In his speech announcing those six objections, President Duque also identified other changes he hopes to make to the JEP through a different legislative procedure, and we can highlight a concern about one of those which is of a unique nature as it relates to a particularly vulnerable category of victim. Excluding sexual crimes against minors from the JEP’s jurisdiction and returning them to the regular court system will in all likelihood result in a lack of justice for the victims, since around 95% of sexual violence cases in Colombia remain in impunity. Seeking the harshest punishment for these crimes may seem to be an act of solidarity with the victims but the reality is that, without the confession of the perpetrators, most of these cases would remain impossible to convict in the regular court system. The JEP’s restorative justice model provides an incentive for the perpetrators to admit the truth of what they did, removing the burden of guilt, shame, and doubt from those they violated.

Most of Colombia–civil society, ex-combatants, and other political parties–do not support the changes Duque seeks to make. The US ambassador to Colombia, Kevin Whitaker, said in a statement that the US supports Duque. However, we should listen to what the majority of Colombians want here: for the Peace Accords to move forward and the articles of the JEP to remain unchanged.

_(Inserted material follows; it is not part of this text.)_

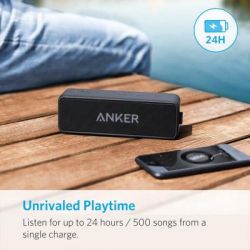 ���������� ��������� ������� Anker SoundCore 2 Black (A3106H11) - �������� 6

It remains unclear (as of April 2, 2019) whether or not Duque’s proposed changes that would affect those six articles of the JEP will be allowed to happen. Congress and the Supreme Court have already approved the articles of the JEP as they were articulated by the Peace Accords. Some of the objections Duque has made would require more complicated amendments to existing laws, so the path forward remains uncertain, and that uncertainty itself poses a threat to a fragile peace process.